Would you reproduce each line below exactly, leaving every picture out?

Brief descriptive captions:
────

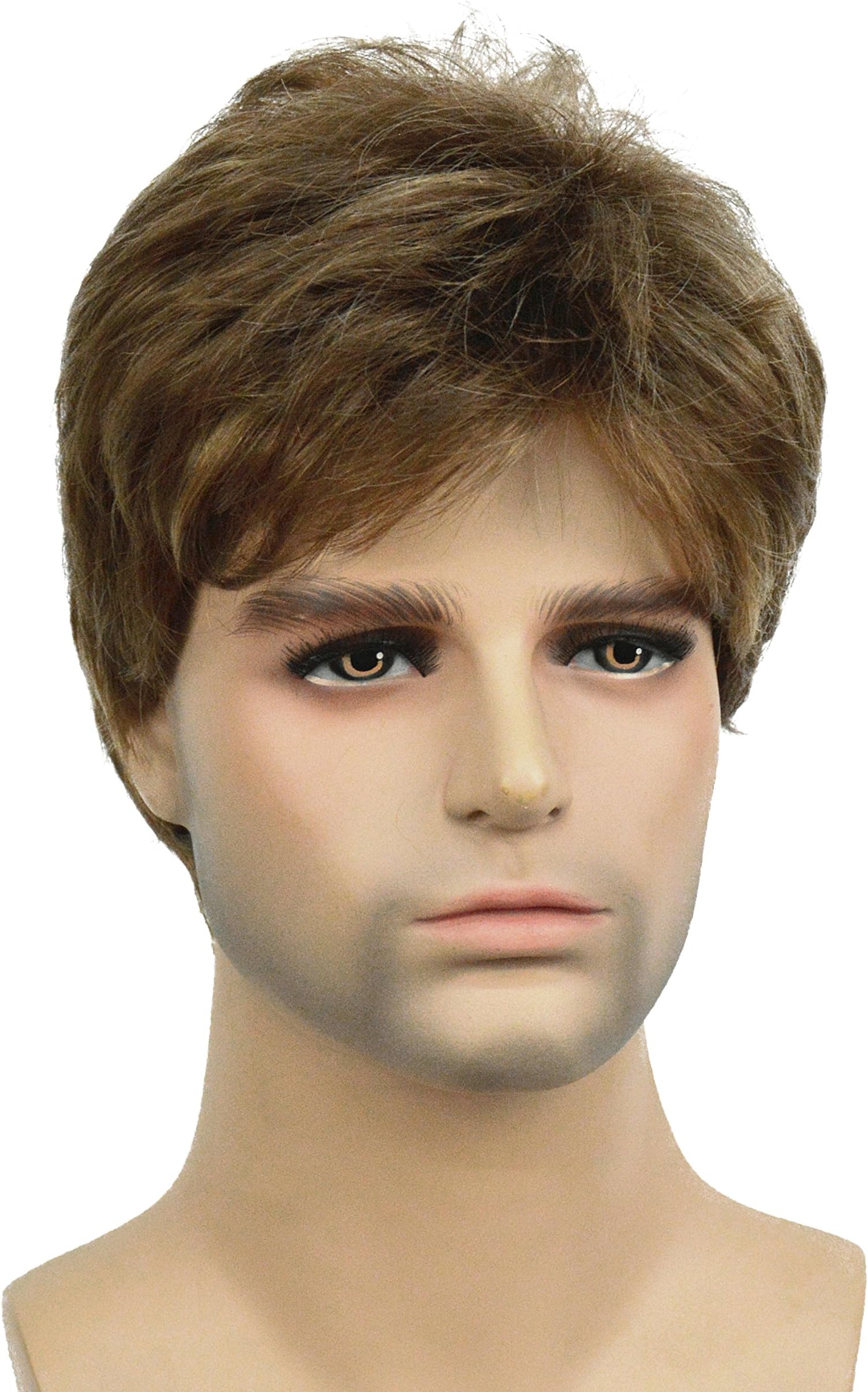 Lydell Men Wig Golden Brown Mix Short Straight Hair Synthetic Full Wigs 6 inches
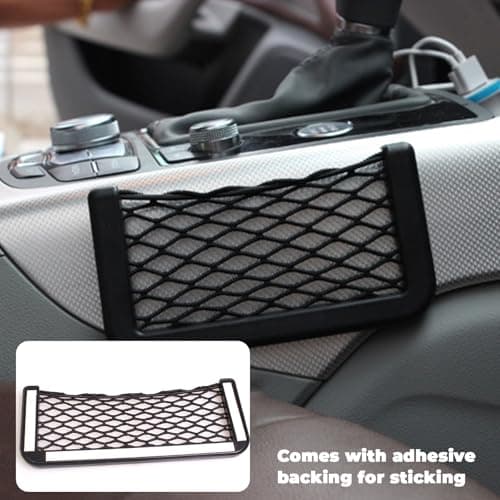 AMYXIYUAN 2Pcs Framed Stretch Mesh Net Pocket Car Storage Net Bags — view 3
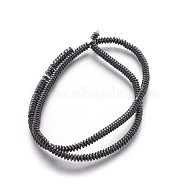 Electroplated Non-magnetic Synthetic Hematite Beads Strands, Disc, Gunmetal Plated, 4x1.5mm, Hole: 0.8mm, about 266pcs/strand, 15.74 inch(40cm)(G-P401-10B)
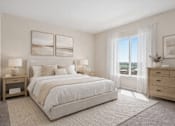 Thumbnail 17 of 21 - Bedroom with natural light and modern furnishings at Stetson Meadows Apartments, Colorado Springs, 80922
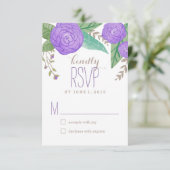 Gedetailleerde Florals Wedding Response / RSVP-kaa RSVP Kaartje (Staand voorkant)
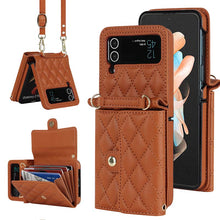 Load image into Gallery viewer, Casekis Crossbody Cardholder Phone Case For Galaxy Z Flip 3 Brown
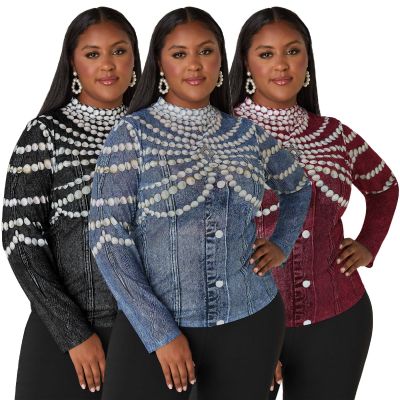 EVE Plus Size Print Long Sleeve Tops NNWF-8141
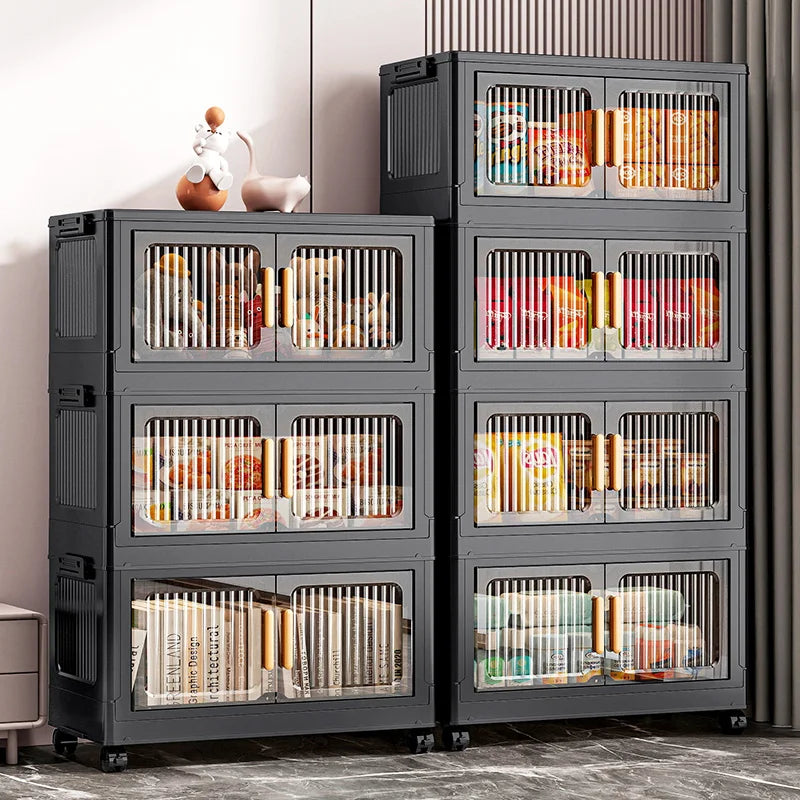 Foldable Clear Double-Door Storage Cabinet Large Space-Saving Mobile Organizer Dustproof Moisture-Proof for Kitchen Living Room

────

▶ **Exercise result**:
 Lydell Men Wig Golden Brown Mix Short Straight Hair Synthetic Full Wigs 6 inches
 AMYXIYUAN 2Pcs Framed Stretch Mesh Net Pocket Car Storage Net Bags — view 3
 Electroplated Non-magnetic Synthetic Hematite Beads Strands, Disc, Gunmetal Plated, 4x1.5mm, Hole: 0.8mm, about 266pcs/strand, 15.74 inch(40cm)(G-P401-10B)
 Thumbnail 17 of 21 - Bedroom with natural light and modern furnishings at Stetson Meadows Apartments, Colorado Springs, 80922
 Gedetailleerde Florals Wedding Response / RSVP-kaa RSVP Kaartje (Staand voorkant)
 Load image into Gallery viewer, Casekis Crossbody Cardholder Phone Case For Galaxy Z Flip 3 Brown
 EVE Plus Size Print Long Sleeve Tops NNWF-8141
 Foldable Clear Double-Door Storage Cabinet Large Space-Saving Mobile Organizer Dustproof Moisture-Proof for Kitchen Living Room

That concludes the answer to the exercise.